Une deuxième négociation est en cours. Une première offre de 24 $ de l’heure, selon la direction, a été proposée mais les représentants syndicaux l’ont catégoriquement refusée. « Certaines compagnies sont prêtes à embaucher les chauffeurs à 28 $ l’heure!, poursuit Alain Morel. Si les négociations n’aboutissent à rien, on est prêts à faire la grève! »
Un budget insuffisant
Dans les bureaux, Philippe Langlois, directeur d’exploitation, espère que la situation se débloquera. Les négociations pourraient trouver une issue heureuse début novembre. L’entreprise propose 40 postes avec des horaires particuliers puisqu’il faut conduire les enfants à l’école le matin et les ramener chez eux le soir. Entre les deux plages, les chauffeurs sont libres de leur temps. « Ici, ce n’est pas carriériste, c’est une PME familiale. On embauche des retraités, voire semi-retraités. On connaît certains chauffeurs depuis très longtemps. Le salaire de base est de 21 $ de l’heure. Ce qui me gêne le plus dans cette histoire est le fait de nous faire passer pour des voleurs alors que ce n’est pas du tout le cas. Les salaires proposés sont plus que corrects et respectent les pratiques du marché actuellement. Nous avons quand même proposé plus de 14 % d’augmentation! »
Les enjeux sont de taille, puisque d’autres conflits de ce genre pourraient bientôt survenir dans la province. « Tout le monde nous regarde dans l’industrie au Québec, car beaucoup de conventions collectives vont s’achever l’année prochaine. Nous donnerons certainement le tempo des négociations suivantes dans toutes ces entreprises. Or, nous avons eu en effet une augmentation de budget de la part des centres de services scolaires, car nous avons tapé du poing sur la table. Mais le budget obtenu ne peut pas couvrir les exigences des chauffeurs. Et pour cette année, la part qui nous a été donnée ne peut pas être renégociée. »

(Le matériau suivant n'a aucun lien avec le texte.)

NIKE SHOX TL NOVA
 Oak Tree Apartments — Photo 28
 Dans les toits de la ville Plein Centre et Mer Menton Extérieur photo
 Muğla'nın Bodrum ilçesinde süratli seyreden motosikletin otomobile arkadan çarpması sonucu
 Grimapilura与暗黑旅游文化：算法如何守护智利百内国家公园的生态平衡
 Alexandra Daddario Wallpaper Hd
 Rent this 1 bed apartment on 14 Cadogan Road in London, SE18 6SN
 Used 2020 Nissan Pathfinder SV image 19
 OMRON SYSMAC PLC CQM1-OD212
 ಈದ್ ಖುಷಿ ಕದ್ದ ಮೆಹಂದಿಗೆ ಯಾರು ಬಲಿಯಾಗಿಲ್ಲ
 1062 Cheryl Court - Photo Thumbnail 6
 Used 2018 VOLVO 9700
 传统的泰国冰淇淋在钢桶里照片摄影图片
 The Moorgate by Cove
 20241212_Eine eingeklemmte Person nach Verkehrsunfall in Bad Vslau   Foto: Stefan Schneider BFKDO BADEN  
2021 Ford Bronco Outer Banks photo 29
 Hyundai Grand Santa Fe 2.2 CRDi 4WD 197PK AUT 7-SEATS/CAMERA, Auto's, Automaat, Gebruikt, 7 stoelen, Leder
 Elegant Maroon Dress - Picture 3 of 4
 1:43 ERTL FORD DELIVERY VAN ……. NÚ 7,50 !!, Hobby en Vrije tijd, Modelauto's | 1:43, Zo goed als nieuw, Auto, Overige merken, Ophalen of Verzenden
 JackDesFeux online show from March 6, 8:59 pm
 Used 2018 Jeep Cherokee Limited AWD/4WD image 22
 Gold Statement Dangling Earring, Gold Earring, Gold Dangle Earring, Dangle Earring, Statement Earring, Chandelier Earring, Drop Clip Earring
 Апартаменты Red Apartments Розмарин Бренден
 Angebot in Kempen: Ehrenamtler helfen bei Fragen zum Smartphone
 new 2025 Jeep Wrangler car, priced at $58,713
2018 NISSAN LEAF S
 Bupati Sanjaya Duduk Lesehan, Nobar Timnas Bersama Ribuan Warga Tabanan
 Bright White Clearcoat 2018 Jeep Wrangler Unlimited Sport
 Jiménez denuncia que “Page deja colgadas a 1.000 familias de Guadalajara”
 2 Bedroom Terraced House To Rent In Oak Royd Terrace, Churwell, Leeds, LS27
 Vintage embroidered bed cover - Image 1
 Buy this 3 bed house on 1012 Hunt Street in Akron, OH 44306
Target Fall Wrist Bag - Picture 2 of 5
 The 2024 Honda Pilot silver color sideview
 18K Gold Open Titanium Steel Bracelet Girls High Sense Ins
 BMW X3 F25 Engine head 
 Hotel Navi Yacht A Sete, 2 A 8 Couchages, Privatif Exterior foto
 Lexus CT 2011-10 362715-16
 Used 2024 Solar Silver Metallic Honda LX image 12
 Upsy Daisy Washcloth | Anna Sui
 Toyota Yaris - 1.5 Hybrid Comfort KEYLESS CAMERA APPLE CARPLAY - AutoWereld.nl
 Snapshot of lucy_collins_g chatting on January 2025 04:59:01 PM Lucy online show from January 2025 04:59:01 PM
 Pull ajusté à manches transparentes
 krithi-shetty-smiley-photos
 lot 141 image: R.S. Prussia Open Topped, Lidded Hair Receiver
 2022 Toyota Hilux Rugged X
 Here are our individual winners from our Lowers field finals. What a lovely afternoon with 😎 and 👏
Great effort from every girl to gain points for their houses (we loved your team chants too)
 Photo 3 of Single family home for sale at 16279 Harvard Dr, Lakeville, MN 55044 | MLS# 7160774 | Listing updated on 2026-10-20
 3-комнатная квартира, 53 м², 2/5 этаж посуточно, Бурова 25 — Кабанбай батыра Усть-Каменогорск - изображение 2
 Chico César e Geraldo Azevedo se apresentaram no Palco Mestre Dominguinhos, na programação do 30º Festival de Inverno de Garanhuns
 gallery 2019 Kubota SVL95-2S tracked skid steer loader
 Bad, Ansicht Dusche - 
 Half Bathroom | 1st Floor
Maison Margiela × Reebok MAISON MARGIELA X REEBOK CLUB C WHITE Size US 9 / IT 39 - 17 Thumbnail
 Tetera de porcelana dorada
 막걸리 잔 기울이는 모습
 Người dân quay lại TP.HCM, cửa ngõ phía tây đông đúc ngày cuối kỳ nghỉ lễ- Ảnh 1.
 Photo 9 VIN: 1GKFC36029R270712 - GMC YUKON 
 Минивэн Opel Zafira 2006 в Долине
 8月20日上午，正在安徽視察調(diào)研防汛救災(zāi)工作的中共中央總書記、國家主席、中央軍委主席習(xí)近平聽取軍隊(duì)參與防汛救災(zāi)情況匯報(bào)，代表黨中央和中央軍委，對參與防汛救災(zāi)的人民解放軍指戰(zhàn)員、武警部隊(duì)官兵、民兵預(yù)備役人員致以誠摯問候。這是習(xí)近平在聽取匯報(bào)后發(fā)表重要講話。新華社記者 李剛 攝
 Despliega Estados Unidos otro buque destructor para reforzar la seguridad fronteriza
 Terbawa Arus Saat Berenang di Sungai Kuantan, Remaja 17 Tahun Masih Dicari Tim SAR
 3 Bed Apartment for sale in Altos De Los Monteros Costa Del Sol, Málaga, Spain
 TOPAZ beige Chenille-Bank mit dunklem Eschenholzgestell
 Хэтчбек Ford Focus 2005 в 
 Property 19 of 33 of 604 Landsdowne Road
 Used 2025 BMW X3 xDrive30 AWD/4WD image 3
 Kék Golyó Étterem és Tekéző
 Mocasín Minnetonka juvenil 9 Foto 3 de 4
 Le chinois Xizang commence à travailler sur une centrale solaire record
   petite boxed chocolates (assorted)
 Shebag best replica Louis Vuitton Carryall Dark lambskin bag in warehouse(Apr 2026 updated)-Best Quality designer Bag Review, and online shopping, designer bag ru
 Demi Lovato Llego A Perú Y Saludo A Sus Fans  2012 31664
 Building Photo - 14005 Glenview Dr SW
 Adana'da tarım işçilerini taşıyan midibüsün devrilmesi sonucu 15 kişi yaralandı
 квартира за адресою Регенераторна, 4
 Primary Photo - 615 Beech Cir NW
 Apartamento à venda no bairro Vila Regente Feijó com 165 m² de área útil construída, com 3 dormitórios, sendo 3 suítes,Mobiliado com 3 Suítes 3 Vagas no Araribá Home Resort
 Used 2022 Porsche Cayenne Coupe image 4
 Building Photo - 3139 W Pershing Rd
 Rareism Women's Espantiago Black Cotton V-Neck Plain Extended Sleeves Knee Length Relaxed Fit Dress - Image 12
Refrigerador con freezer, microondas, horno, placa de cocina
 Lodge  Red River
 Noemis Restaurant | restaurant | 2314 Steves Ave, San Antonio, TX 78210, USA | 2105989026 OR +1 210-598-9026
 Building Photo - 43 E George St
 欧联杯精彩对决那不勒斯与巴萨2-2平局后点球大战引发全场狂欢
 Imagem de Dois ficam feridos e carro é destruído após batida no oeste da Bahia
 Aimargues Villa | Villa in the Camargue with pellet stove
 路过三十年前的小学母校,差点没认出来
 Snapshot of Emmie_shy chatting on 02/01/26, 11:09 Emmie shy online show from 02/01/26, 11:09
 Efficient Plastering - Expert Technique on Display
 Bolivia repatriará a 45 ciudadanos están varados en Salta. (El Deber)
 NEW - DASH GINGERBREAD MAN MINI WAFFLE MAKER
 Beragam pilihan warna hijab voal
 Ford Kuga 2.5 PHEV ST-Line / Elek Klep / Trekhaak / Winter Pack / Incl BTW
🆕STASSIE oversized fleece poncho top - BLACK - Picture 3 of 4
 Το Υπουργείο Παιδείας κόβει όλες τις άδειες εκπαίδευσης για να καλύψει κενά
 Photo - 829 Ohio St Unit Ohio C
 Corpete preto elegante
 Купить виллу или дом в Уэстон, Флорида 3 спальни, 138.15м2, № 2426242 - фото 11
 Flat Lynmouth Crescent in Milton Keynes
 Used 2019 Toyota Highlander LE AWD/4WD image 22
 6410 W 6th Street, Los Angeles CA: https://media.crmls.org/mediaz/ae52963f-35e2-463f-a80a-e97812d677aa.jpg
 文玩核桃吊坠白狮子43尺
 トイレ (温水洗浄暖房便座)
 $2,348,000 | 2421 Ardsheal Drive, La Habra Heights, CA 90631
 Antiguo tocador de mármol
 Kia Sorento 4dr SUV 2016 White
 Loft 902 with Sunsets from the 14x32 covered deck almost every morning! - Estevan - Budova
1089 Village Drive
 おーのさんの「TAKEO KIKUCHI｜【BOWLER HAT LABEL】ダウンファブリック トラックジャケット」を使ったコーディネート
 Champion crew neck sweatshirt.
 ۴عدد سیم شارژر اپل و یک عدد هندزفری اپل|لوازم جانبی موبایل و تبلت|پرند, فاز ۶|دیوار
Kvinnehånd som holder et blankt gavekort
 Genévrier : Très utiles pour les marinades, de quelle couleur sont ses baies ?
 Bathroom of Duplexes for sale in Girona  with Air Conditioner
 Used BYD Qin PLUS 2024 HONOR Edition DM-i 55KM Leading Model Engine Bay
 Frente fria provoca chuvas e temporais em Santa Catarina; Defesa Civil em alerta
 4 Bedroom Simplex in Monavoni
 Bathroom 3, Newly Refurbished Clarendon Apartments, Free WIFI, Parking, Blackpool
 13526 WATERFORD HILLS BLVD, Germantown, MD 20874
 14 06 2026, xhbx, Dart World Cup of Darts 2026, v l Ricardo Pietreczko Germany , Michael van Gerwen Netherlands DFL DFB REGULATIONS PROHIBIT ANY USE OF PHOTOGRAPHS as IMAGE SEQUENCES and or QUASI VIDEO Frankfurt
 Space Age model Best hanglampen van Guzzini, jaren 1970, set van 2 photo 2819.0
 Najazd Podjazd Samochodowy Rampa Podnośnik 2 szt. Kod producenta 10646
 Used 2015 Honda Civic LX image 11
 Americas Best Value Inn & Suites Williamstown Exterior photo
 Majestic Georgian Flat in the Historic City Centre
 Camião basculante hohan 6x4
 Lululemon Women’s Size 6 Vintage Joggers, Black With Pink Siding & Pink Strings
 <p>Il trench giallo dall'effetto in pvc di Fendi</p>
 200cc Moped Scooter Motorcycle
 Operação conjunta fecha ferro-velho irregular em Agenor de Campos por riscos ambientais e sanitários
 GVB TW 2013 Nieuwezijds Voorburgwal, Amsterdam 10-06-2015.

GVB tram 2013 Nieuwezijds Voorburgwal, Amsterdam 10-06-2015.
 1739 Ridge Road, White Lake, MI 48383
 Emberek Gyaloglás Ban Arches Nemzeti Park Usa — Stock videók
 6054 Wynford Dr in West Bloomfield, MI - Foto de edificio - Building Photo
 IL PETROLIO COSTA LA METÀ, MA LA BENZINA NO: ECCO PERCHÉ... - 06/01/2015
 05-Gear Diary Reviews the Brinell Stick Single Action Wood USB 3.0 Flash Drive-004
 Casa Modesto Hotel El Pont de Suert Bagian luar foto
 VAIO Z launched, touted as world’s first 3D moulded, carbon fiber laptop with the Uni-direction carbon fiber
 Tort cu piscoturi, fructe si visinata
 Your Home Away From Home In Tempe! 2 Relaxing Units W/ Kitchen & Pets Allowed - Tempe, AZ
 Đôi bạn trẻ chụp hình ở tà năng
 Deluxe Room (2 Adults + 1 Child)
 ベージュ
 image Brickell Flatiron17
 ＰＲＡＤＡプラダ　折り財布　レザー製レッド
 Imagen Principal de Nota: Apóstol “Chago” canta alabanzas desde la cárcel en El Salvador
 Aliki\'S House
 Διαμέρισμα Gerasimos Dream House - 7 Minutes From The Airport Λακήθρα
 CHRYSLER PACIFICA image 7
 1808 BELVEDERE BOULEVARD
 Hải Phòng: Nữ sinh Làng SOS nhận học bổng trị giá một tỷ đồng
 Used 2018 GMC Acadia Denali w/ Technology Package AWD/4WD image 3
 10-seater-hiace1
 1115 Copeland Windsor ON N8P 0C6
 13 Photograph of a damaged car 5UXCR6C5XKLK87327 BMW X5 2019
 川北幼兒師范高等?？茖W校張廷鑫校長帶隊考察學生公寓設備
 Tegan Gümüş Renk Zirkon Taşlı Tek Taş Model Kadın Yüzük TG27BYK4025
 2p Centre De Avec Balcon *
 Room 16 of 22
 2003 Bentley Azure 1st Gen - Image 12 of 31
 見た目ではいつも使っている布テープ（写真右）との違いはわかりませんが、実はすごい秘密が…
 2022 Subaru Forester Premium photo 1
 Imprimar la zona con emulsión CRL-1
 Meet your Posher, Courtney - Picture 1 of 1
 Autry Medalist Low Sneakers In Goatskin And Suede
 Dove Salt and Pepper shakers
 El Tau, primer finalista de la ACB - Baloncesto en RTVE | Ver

Beaucoup d’investissements
Autobus Chambly vit une période charnière dans son fonctionnement. Si les chauffeurs ne sont pas contents de leurs salaires, l’entreprise doit aussi faire face à un autre enjeu : l’électrification de ses véhicules. « Le ministère des Transports nous pousse à investir dans des autobus électriques, poursuit Philippe Langlois. On bénéficie de subventions régressives, certes, mais un bus de ce type nous a coûté 156 000 $ l’année dernière et 200 000 $ depuis fin avril. Cet investissement est valable sur huit ans s’il n’y a aucun accident. En ajoutant 228 000 $ pour intégrer l’infrastructure afin de les accueillir, l’investissement devient conséquent. »
Après le trafic supplémentaire relativement à la réduction des voies sur le tunnel Louis-Hippolyte-La Fontaine, la pénurie de main-d’œuvre et la demande d’augmentation des chauffeurs, un autre facteur en ligne de compte : le prix du diesel. « On paie plus de deux fois le prix normal, regrette le directeur d’exploitation. Après la masse salariale, le fuel est notre deuxième plus grosse dépense. C’est difficile pour nous, entreprise familiale, de gérer cette situation, car désormais les entreprises de transport sont de grosses firmes. Dans notre situation, on constate que les gens s’attaquent à une PME. »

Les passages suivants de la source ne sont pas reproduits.